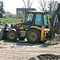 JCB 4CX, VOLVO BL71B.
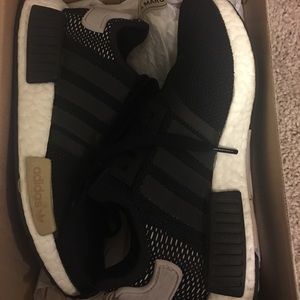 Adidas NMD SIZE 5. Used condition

---

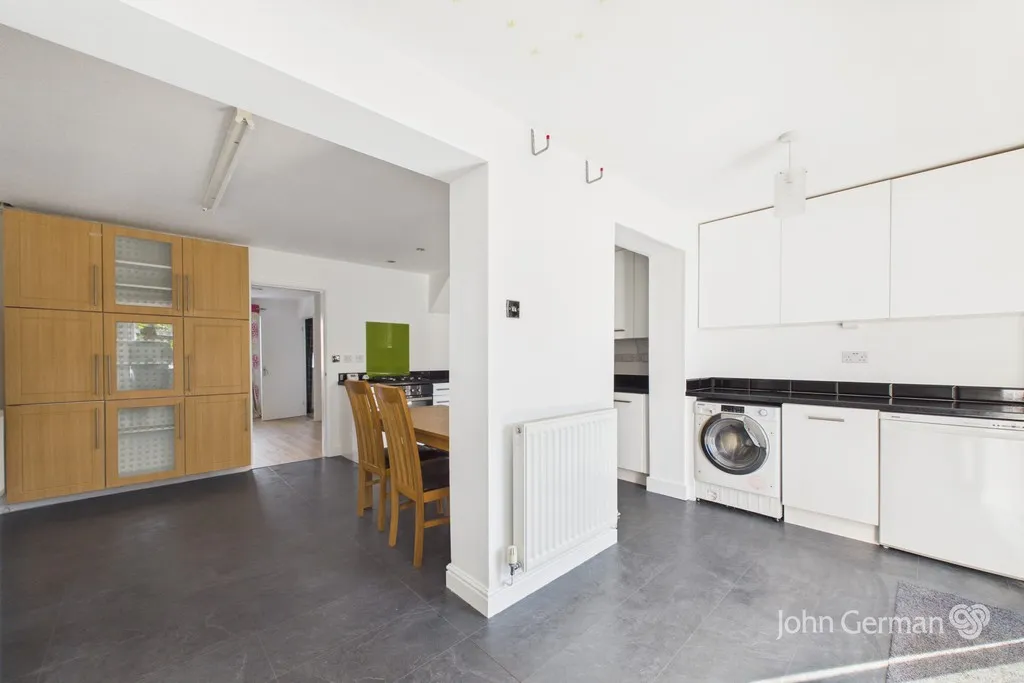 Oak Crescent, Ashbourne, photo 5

● **DIRECTIONS FOR THIS TASK**: Every line above between the one containing "JCB 4CX, VOLVO BL71B." and the one containing "Adidas NMD SIZE 5. Used condition", those two included, is to be printed exactly. No pictures go into the copy.

● **ANSWER BOX**:
 JCB 4CX, VOLVO BL71B.
 Adidas NMD SIZE 5. Used condition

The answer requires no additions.